How do you go about balancing the lights?

Thanks

Allan

Kenny
4th May 2009, 11:01 AM
Hiya

Good question and one I will be interested to keep an eye on for the answers.I do know that on Saturday at the wedding I was at Ray used his flash and kept setting the power levels on the flash to compliment the light that was there.

Bessy regs

Kenny

Stemmy
4th May 2009, 11:10 AM
Imagine you meter for a subject without your flash switched on.

If the light behind the subject is quite low then the subject will show quite bright in the final image.

Imagine your subject has a sunset behind them - the camera will meter for the bright light thus throwing your subject into darkness. Sometimes you want this to do silhouettes etc.

You will increase and decrease your flash to compensate for this - let the camera worry about the background and then you flash the subject to expose the whole scene correctly.

Keltic Ice Man
4th May 2009, 11:31 AM
Thanks Stemmy, but how do i know how much to light, is it trial and error or is there a black magic at work ?

Stemmy
4th May 2009, 11:39 AM
Its experience thats all - I can look at an image and guesstimate how many stops difference the light is on the background in relation to then foreground.

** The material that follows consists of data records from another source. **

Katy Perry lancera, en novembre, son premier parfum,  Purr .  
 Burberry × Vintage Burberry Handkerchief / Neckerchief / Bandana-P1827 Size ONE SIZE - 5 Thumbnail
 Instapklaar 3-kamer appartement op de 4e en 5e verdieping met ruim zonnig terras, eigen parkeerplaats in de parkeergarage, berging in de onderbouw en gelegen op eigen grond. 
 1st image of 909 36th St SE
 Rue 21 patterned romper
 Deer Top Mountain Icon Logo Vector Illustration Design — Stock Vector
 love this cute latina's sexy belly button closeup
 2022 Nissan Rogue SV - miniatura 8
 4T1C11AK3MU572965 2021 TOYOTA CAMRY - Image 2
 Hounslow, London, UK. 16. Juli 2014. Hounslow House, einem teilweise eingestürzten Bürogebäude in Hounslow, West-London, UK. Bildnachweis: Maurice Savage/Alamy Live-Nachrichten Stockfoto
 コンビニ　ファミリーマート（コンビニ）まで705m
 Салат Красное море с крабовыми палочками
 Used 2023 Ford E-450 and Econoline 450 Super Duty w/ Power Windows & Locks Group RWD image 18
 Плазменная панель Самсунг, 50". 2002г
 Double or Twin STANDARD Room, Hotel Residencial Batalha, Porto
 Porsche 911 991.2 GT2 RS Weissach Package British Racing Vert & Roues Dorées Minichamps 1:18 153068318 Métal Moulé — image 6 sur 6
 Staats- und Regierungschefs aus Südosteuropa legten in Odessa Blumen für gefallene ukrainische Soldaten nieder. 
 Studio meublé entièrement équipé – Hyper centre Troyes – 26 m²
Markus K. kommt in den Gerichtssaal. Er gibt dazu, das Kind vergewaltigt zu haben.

You could do it another way - as the subject to move and meter for the background - then ask the subject to come back and then zoom in on them to remove the background. compare the two and this will give you the stops difference.

You can then alter your flash accordingly.

Jason Walker
4th May 2009, 11:55 AM
As Martin has said, unbalanced flash will mean that the light from the flash overpowers the ambient light in the scene, the idea is to balance the light from the flash so that it is balanced with the ambient light, making it difficult to know that flash has been used.

for example if you had your subject standing by a window with plenty of natural light, without a reflector or some balanced "fill" flash your subject will have shadows on the side away from the ambient light.

to balance the flash to blend in with the natural light you would reduce the flashes power until the light from the flash doesnt overpower the light from the window which will lift the shadows and without brightening the side lit by the window light

for example...

Chris Hawkins
4th May 2009, 04:30 PM
Depending on your camera, use slow or rear curtain sync (I always rear curtain - another conversation) and matrix metering. Take a shot look at the pic on the LCD and compensate flash accordingly. On Nikons make sure use use flash compensation not camera exposure compensation because the later is a global setting which effects the flash as well :-)

PS Great picture Jason.

Keltic Ice Man
4th May 2009, 05:12 PM
Excellent example Jason, Many thanks.

Think I need to read around this quite a bit, as im often unhappy with my flash work

george.monaghan
4th May 2009, 06:00 PM
Hi,

here is a good rule of thumb. Leave the camera flash on ettl (or similar on your model):

bright sunlight behind subject or really bright day, full power flash.
cloudy with breaks of light, - 1 stop on the flash.
under cover or shade, - -2 stops on the flash.

Indoors in dim light set ISO to 800 (or so) lower shutter speed for the subject and shoot at the lens lowest f stop. This is a good starting point to balance indoor dark scenes and flash.